Only the lines from the top of the records below through the line containing "Boost Efficiency with" should be printed, exactly and without pictures.

(Record set Opens)

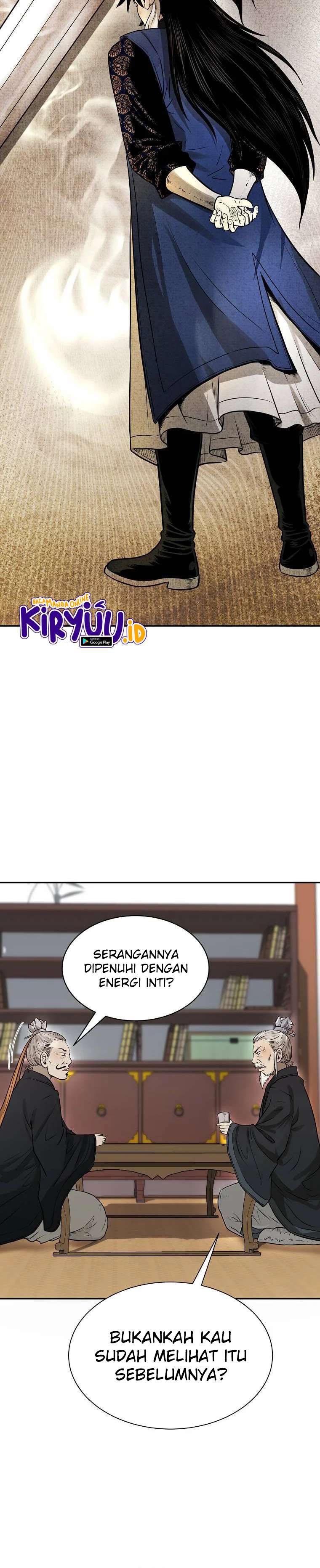 Demon in Mount Hua Chapter 13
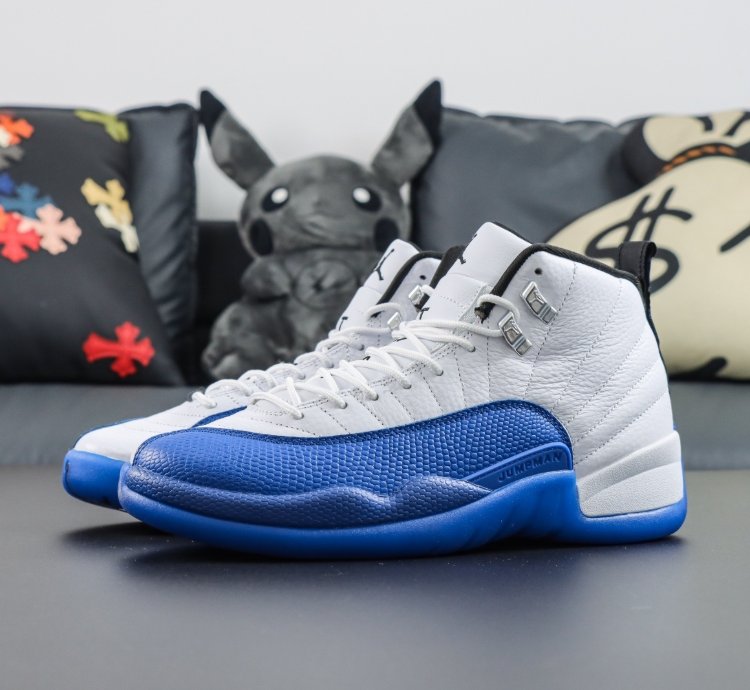 Air Jordan 12 Retro Blueberry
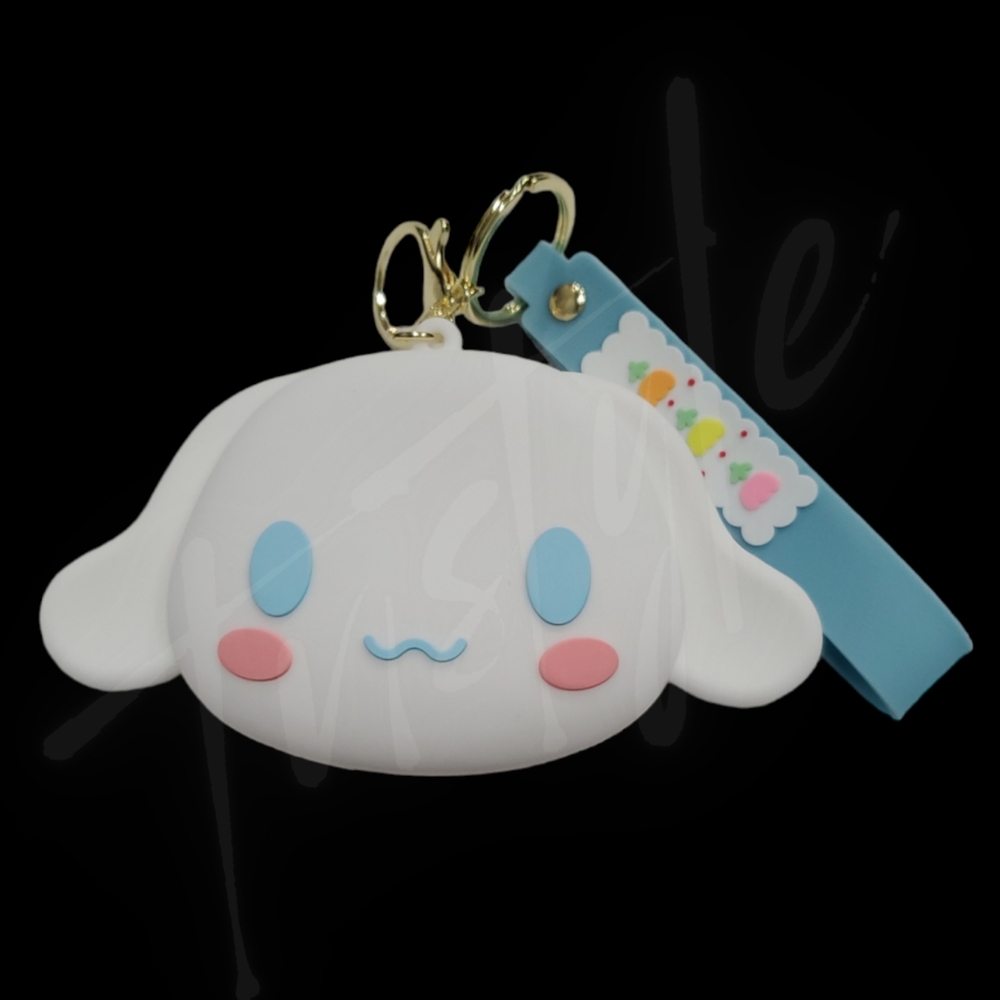 Cinnamoroll Wallet Keychain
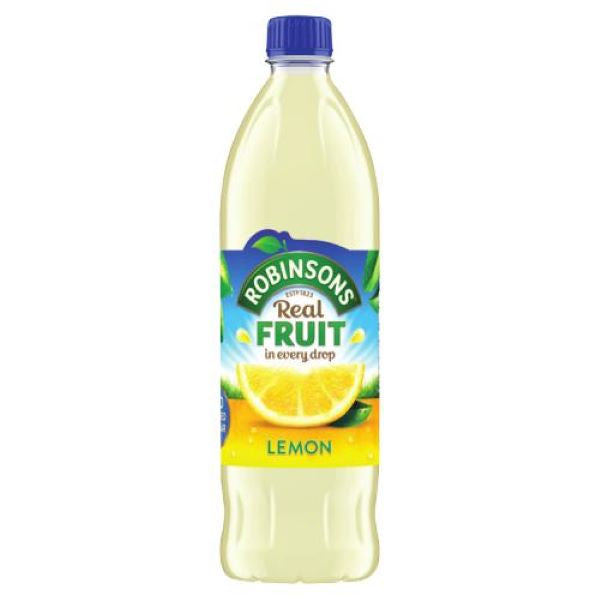 Robinsons Real Fruit Lemon NAS 1L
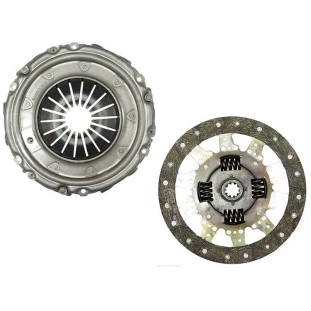 Kit Embreagem 300mm 10 Estrias Chevrolet S10 1997 a 1999 - Sachs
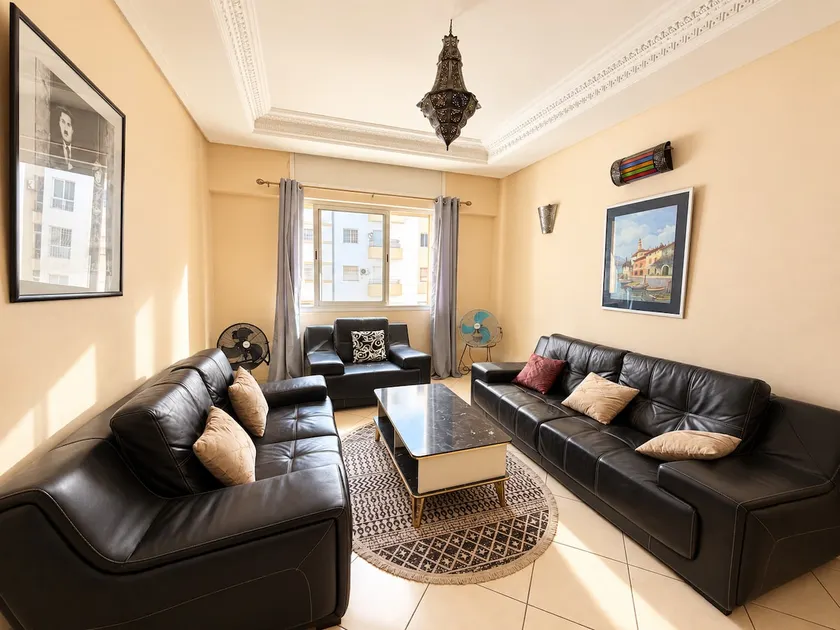 Le Havre du Souk · Bright apartment · 4 people - Image 1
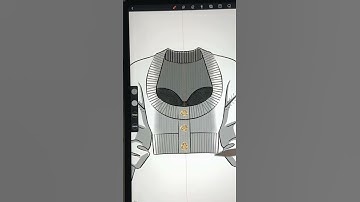 Boost Efficiency with the Symmetry Tool｜#FashionDraw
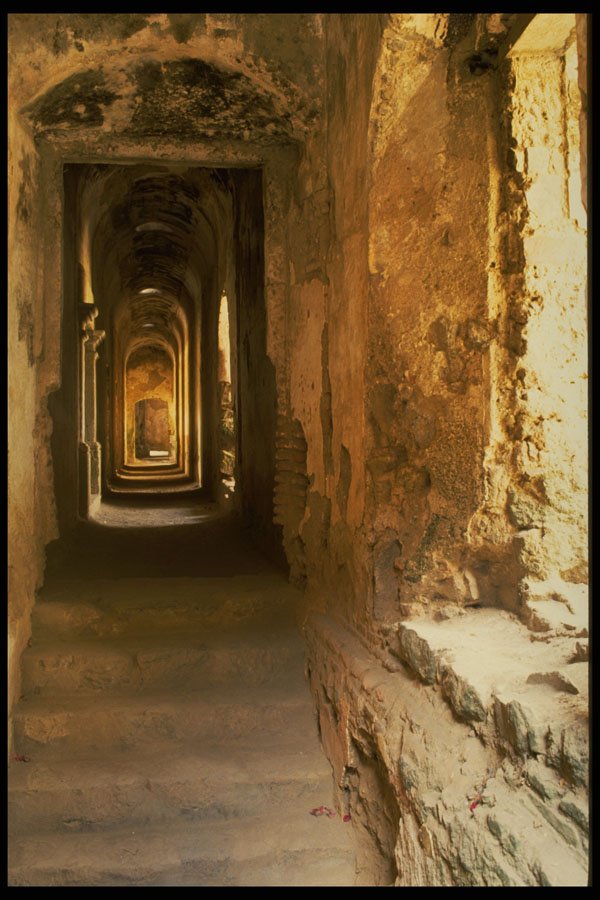 525019 Colonial Architecture, Guatemala A4 Photo Print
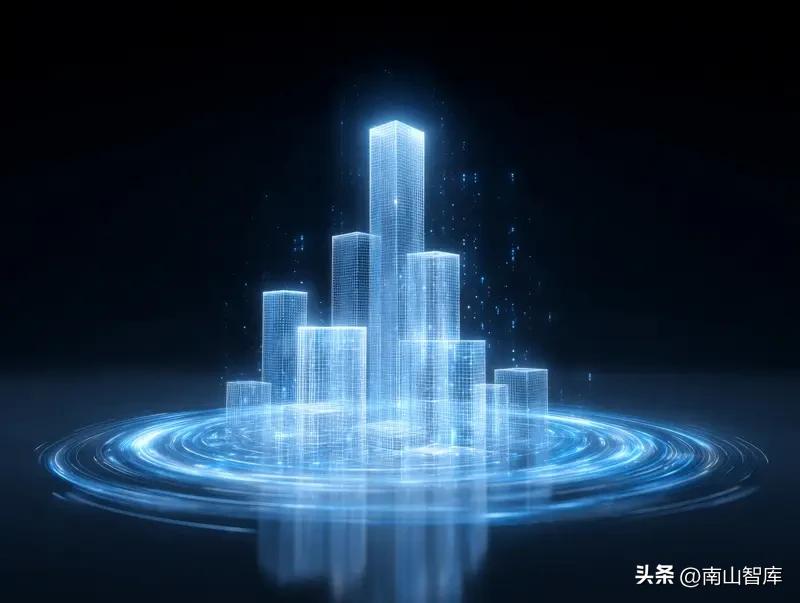 我们坚持将数据基础工程集成作为数字化转型的‘压舱石’，通过打通底层数据孤岛、建立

(Record set Closes)

Exercise solution:
 Demon in Mount Hua Chapter 13
 Air Jordan 12 Retro Blueberry
 Cinnamoroll Wallet Keychain
 Robinsons Real Fruit Lemon NAS 1L
 Kit Embreagem 300mm 10 Estrias Chevrolet S10 1997 a 1999 - Sachs
 Le Havre du Souk · Bright apartment · 4 people - Image 1
 Boost Efficiency with the Symmetry Tool｜#FashionDraw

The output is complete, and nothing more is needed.